When the ceasefire between Israel and Hamas ended on 18 March 2025, the city of Rafah – already one of the most densely populated and fragile areas of Gaza – became the final refuge for hundreds of thousands of displaced civilians. Families who had fled bombardments in the north and centre of the Strip now found themselves trapped at Gaza’s southernmost edge.
By May 2025, much of that refuge no longer existed. Satellite imagery and user-generated content analysed by the Centre for Information Resilience (CIR) show the scale of destruction that unfolded in Rafah over just eight weeks. Entire neighbourhoods in eastern Rafah were levelled; by 11 May, nearly seven in every ten buildings within CIR’s area of analysis had been destroyed.

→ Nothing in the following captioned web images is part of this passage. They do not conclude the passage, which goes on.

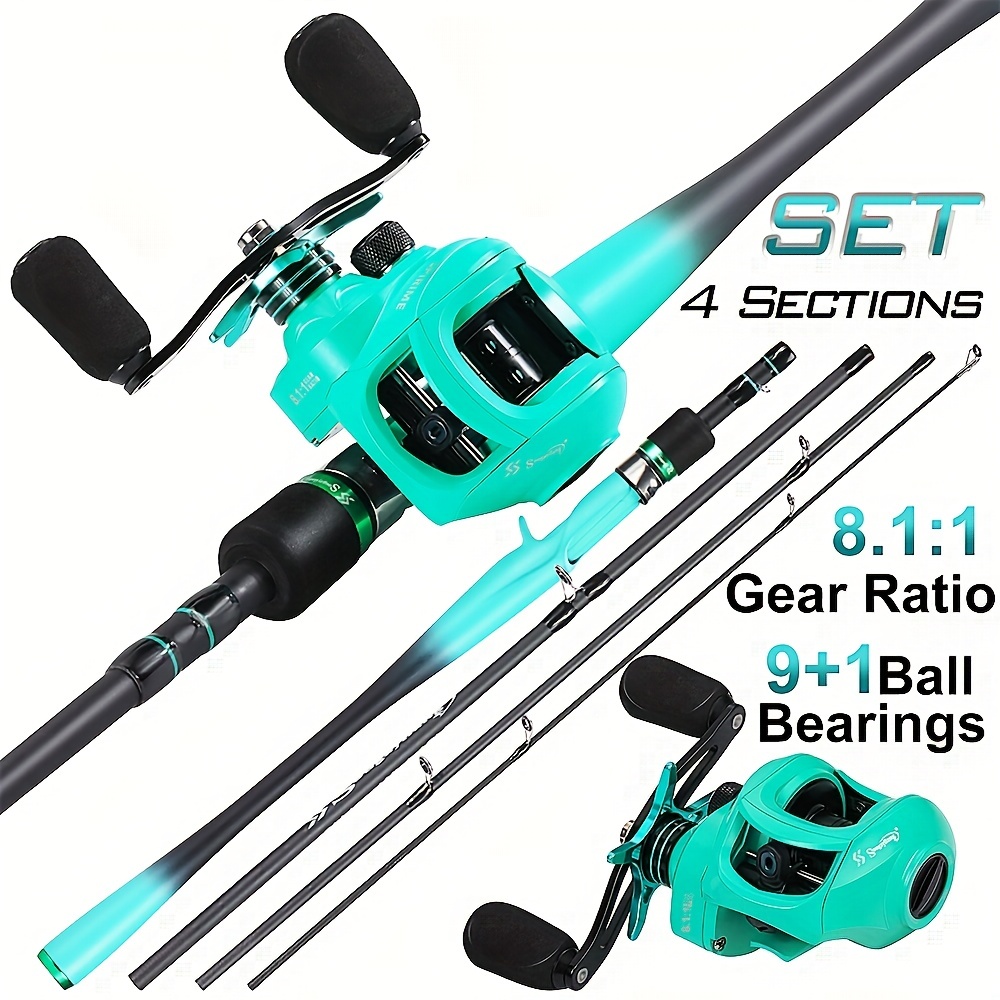 Sougayilang Fishing Rod Reel Tackle Set, 1.8M/5.9Ft 2.1M/6.9Ft 4 Sections  Fishing Pole & 9+1 BB Baitcasting Reel & Fishing Lure Hook Jig Combos For Fr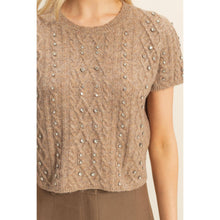 Load image into Gallery viewer, Rhinestone Studded Sweater Top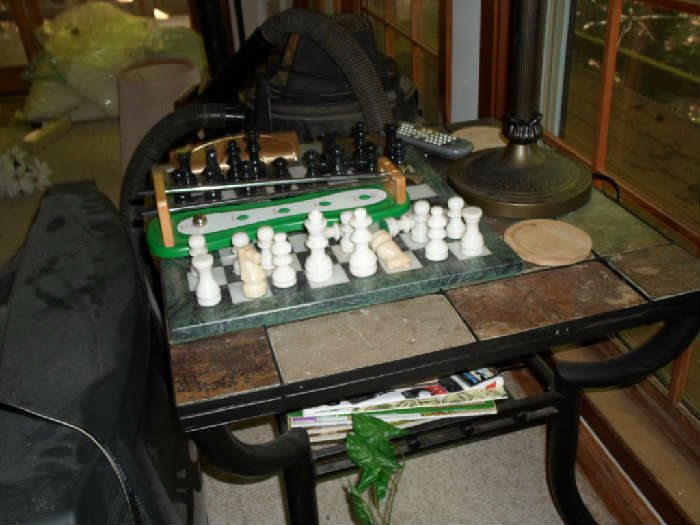 chess set & wrought iron table w/tile top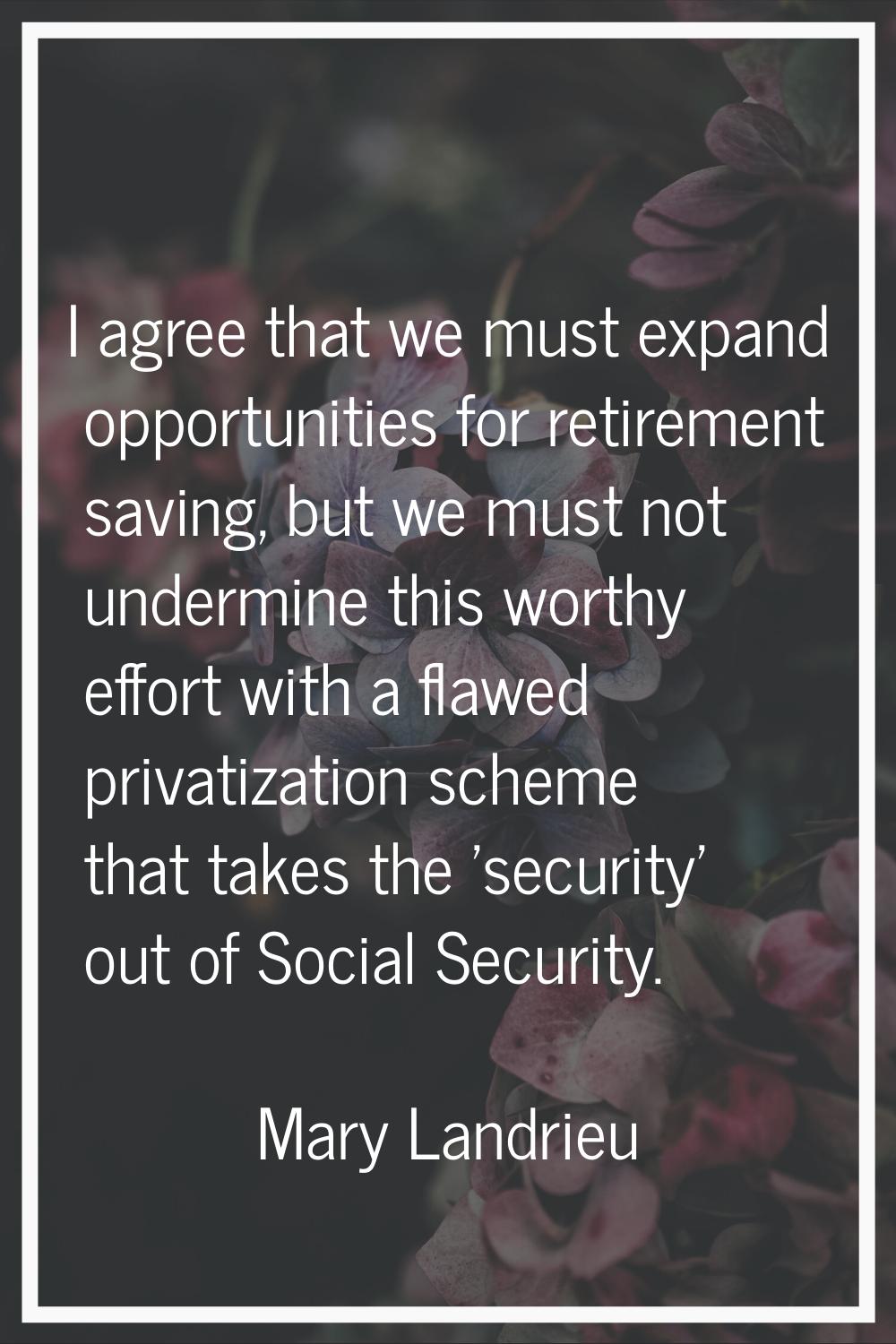 I agree that we must expand opportunities for retirement saving, but we must not undermine this wor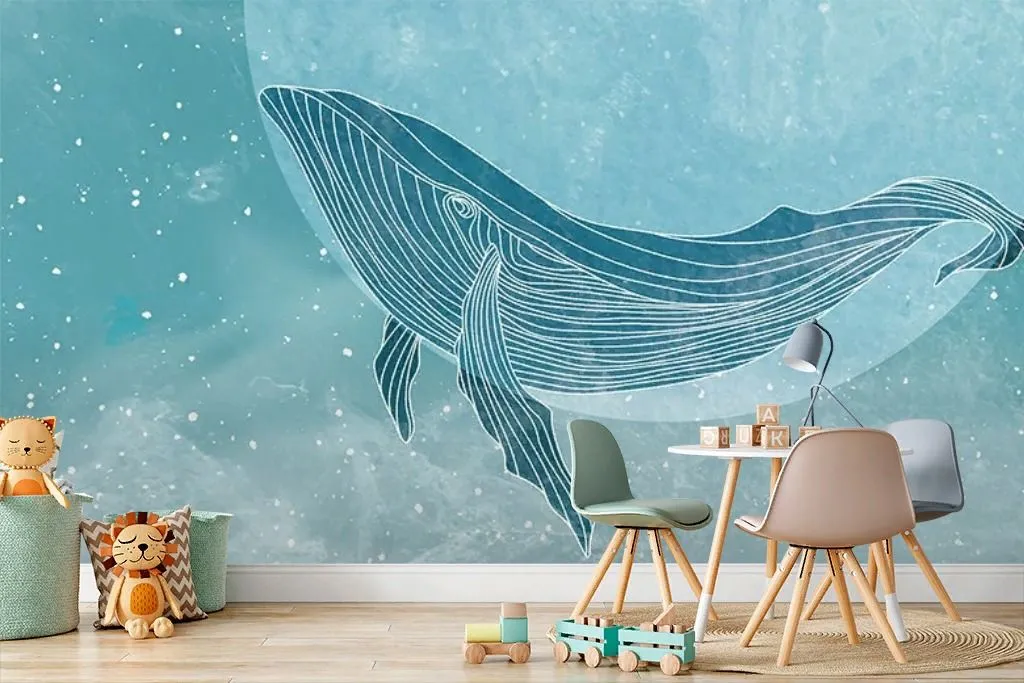 Фотообои в интерьере кит в море  12-1660 фото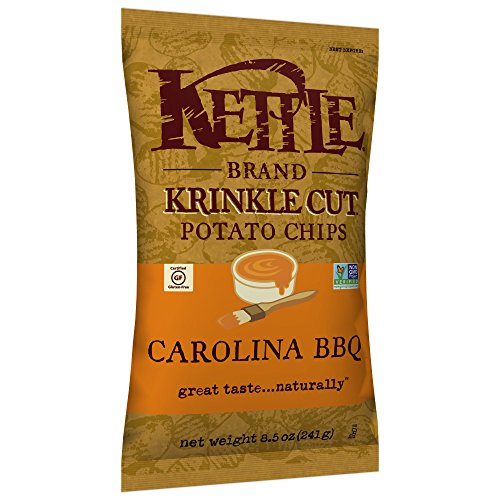 Image of Kettle Brand Krinkle Cut Potato Chips, Carolina BBQ, 8.5 Ounce (Pack of 12)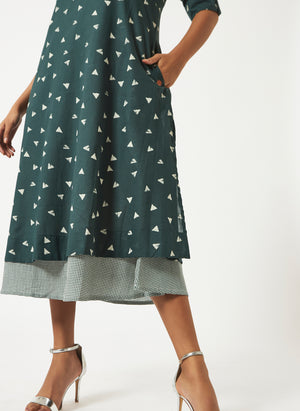 Mosegi-Green V-Neck Dress
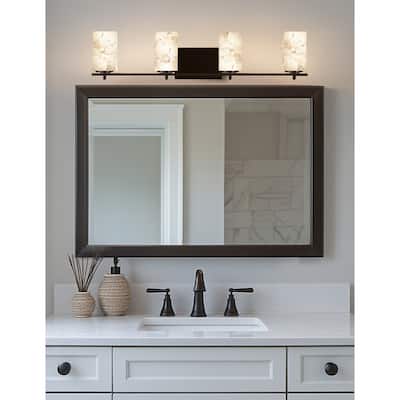 Justice Design Alabaster Rocks! Era 4-light Dark Bronze Bath Bar, Alabaster Rocks Square w/ Flat Rim Shade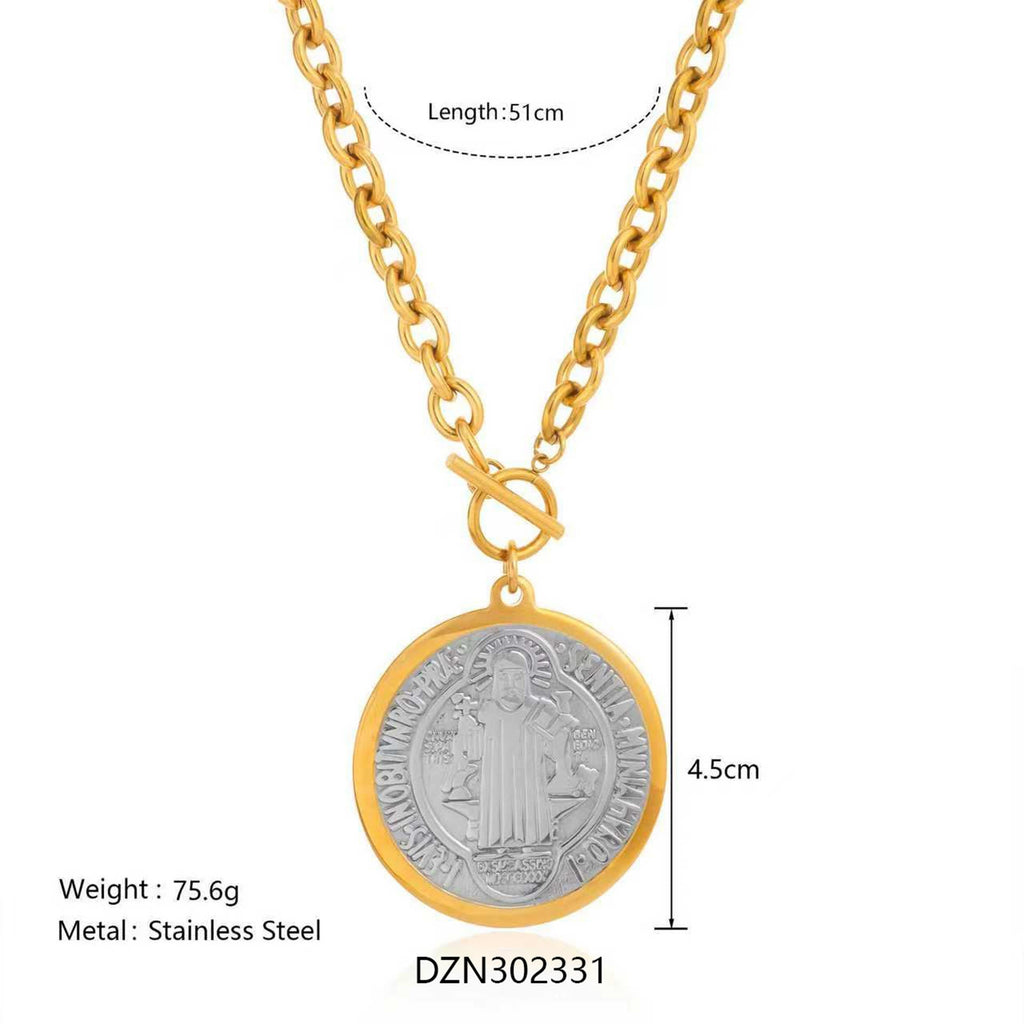Two-Style St. Benedict Medal Necklace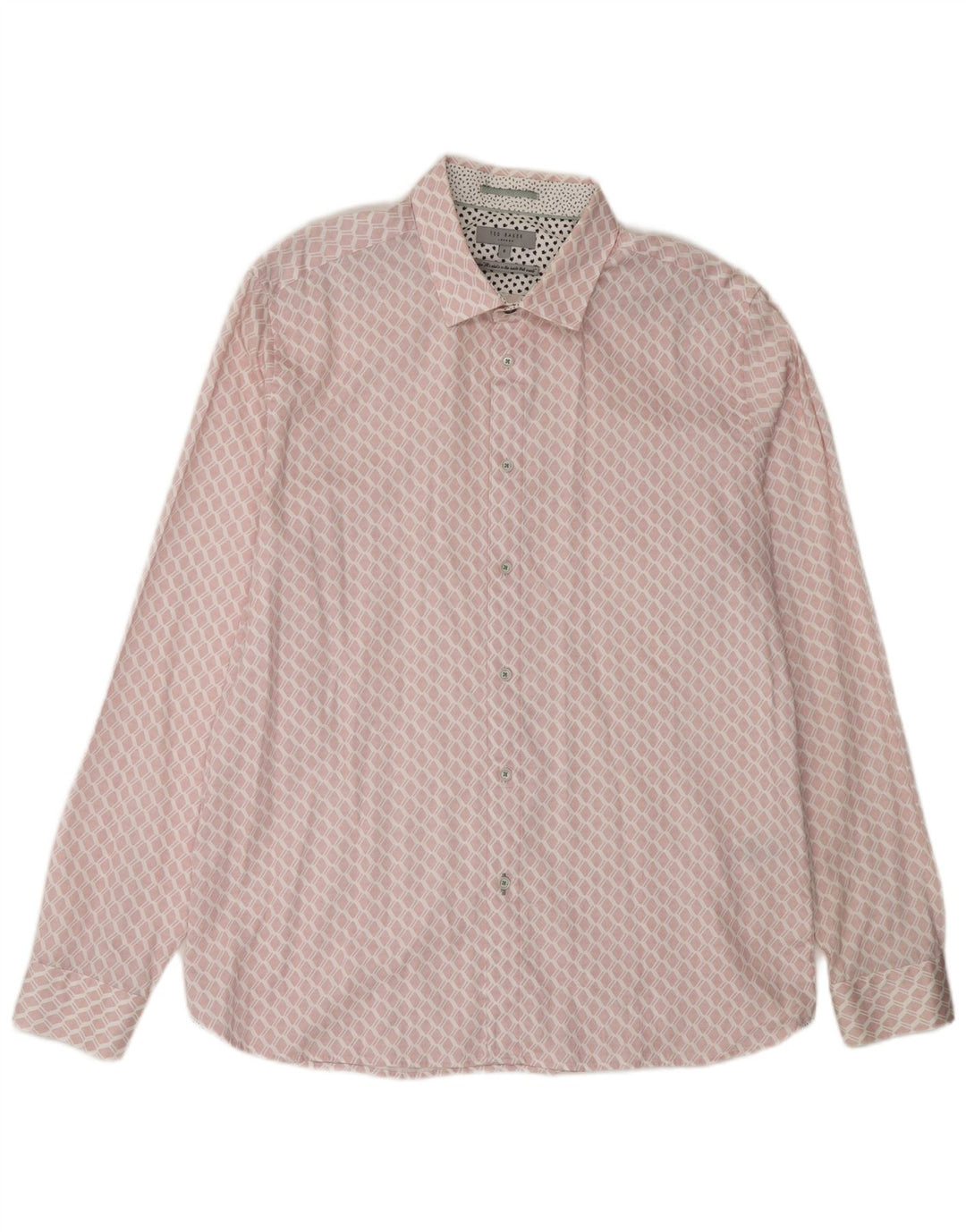 TED BAKER Chemise Homme Taille 6 2XL Coton Géométrique Rose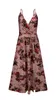 Casual Dresses 2023 Summer Elegant Spaghetti Straps Floral Print Dress Woman Sexig Deep V-ringad ärmlös Hög midja Side Slit Maxi Robe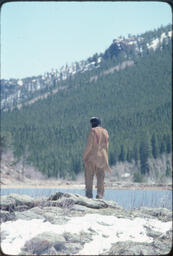 Actor looking at lake, Estes Park, Colorado, 1978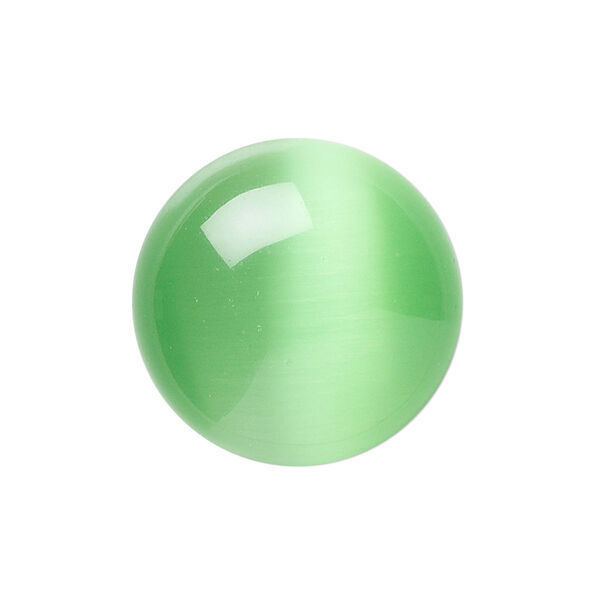 Cabochon, cat's eye glass (fiber optic glass), green, 8mm calibrated round, quality grade. Sold per pkg of 10. image number 0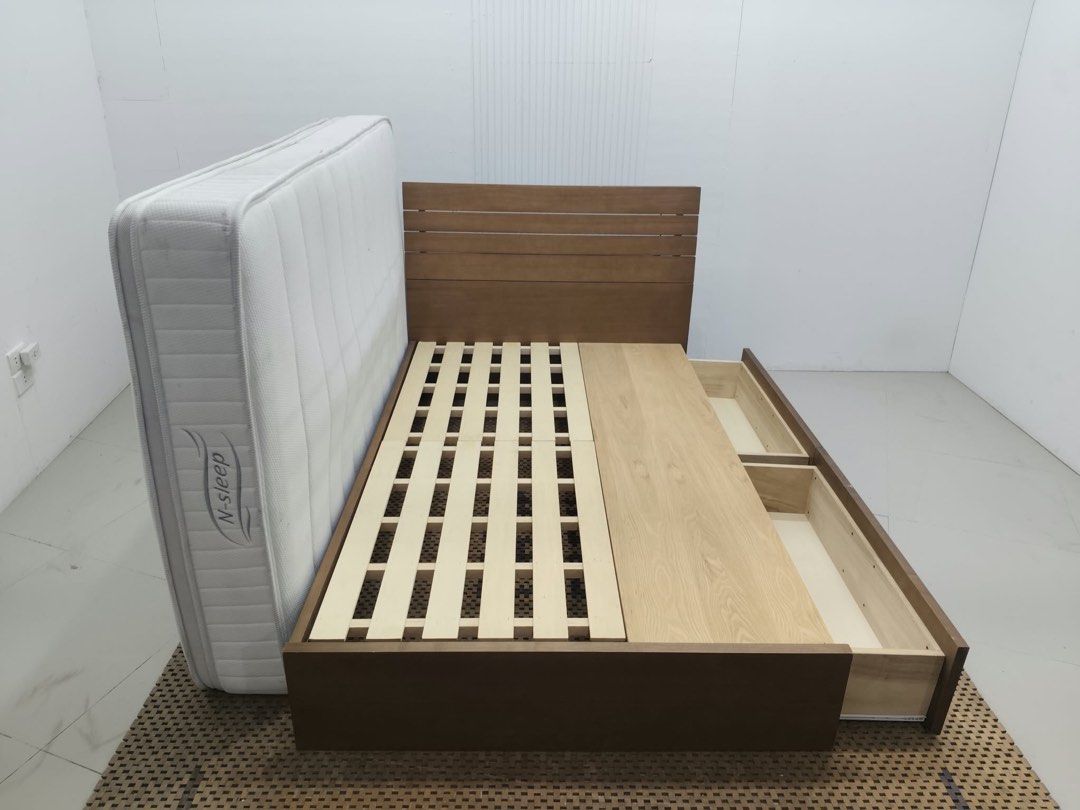 Semi double bedset with storage (Category: Bed Frames & Mattresses) located in Quezon City. Submitted by matetdevis13 (Listing ID 1466091430, Image 3). Description: NITORI Semi Double Panel Bed Frame N-Sleep Mattress Bed Set with Storage Price: 14,500 Frame: 48 x 81.5 x 37/11 Mattress: 48 x 77 x 11 In good condition Code JMD55-MJ502.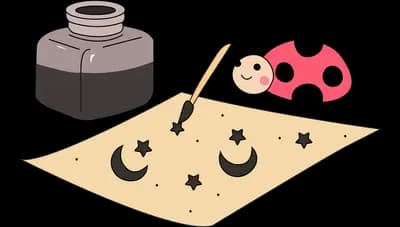Ladybug painting brush strokes on a sheet of paper beside an inkwell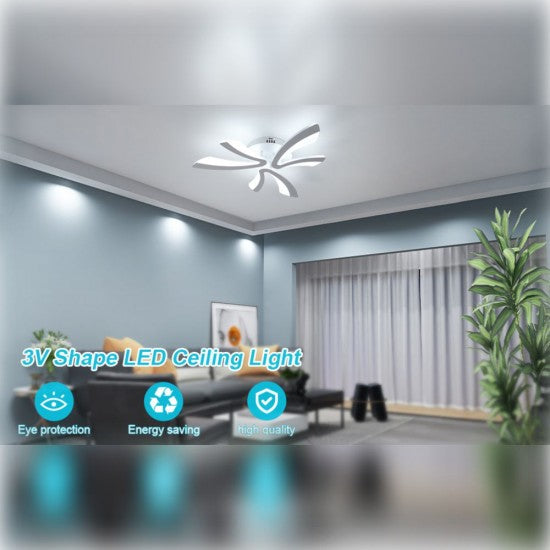 Lustra LED 40W, 6 Brate, Telecomanda IR, 3 Culori, 610 mm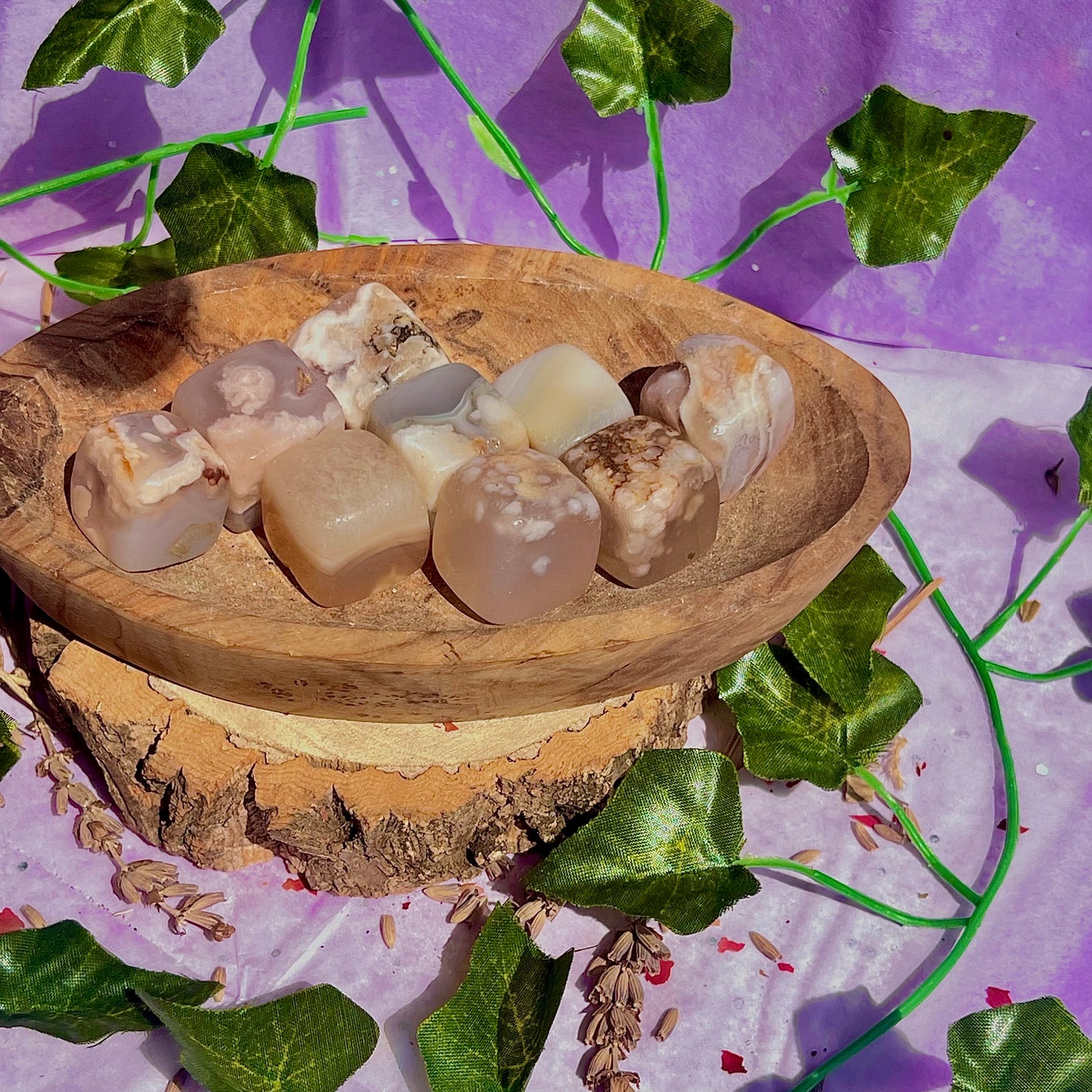flower agate cubes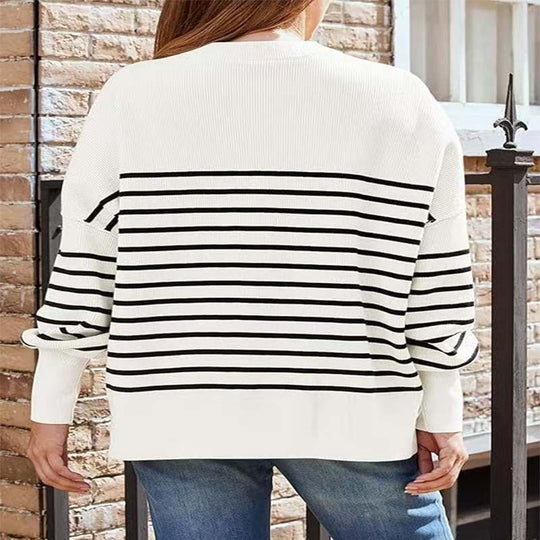 Damen gestreifter Sweatshirtpullover EB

The imagery tells a stark story of destruction. Homes, schools, and markets that once formed the dense fabric of Rafah’s community are now flattened expanses of rubble. Near the newly constructed Morag Corridor – a strip of cleared land separating Rafah from the rest of Gaza – the patterns of destruction are especially severe, suggesting systematic demolition rather than incidental damage.
Even displacement offered no safety. CIR identified at least two camps for internally displaced people in northeastern Rafah, encompassing hundreds of tents, which disappeared between March and April 2025. What became of their residents remains unclear.
In total, CIR’s analysis of 17,916 structures shows a 219% increase in destroyed buildings since February 2025 – an escalation that coincided with statements from Israeli officials pledging to “repeat the formula” used in Rafah elsewhere in Gaza.
This report documents the physical erasure of a city that had become Gaza’s last refuge, revealing not only the extent of its destruction but also the systematic nature of the operations that reshaped its landscape.